Brief descriptive captions
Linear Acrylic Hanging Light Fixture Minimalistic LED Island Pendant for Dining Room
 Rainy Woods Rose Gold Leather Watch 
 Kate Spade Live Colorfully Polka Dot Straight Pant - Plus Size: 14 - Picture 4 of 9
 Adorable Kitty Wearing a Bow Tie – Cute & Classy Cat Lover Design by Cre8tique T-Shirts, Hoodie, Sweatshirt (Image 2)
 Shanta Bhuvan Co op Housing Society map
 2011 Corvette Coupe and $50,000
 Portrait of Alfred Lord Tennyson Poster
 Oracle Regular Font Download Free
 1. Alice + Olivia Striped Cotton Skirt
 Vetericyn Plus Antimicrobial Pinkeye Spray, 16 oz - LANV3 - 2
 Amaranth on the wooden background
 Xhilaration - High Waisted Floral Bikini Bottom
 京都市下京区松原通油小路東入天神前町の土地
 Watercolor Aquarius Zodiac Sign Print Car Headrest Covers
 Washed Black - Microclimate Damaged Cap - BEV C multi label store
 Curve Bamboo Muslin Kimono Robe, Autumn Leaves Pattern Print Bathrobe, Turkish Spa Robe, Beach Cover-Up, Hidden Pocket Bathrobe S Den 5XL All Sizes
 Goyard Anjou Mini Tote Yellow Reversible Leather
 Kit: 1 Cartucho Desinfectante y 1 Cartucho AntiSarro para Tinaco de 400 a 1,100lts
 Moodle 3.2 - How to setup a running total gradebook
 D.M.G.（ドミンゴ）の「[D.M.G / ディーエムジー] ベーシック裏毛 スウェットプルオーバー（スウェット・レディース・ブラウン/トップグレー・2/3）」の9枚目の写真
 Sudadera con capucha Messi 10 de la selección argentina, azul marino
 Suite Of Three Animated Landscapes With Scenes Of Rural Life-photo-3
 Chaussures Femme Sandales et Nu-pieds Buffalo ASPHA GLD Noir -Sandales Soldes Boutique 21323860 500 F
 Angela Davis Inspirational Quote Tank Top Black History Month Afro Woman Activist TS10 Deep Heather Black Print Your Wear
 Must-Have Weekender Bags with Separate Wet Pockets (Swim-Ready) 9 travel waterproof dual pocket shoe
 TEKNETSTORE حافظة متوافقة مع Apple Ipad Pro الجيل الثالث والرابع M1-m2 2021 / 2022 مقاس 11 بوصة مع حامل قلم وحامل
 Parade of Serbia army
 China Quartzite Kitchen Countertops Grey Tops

**Problem to work on**
Only the lines above starting at the one containing "Suite Of Three" and ending at the one containing "Must-Have Weekender Bags", both included, are to be returned, exactly as they read.

**Output for this task**
 Suite Of Three Animated Landscapes With Scenes Of Rural Life-photo-3
 Chaussures Femme Sandales et Nu-pieds Buffalo ASPHA GLD Noir -Sandales Soldes Boutique 21323860 500 F
 Angela Davis Inspirational Quote Tank Top Black History Month Afro Woman Activist TS10 Deep Heather Black Print Your Wear
 Must-Have Weekender Bags with Separate Wet Pockets (Swim-Ready) 9 travel waterproof dual pocket shoe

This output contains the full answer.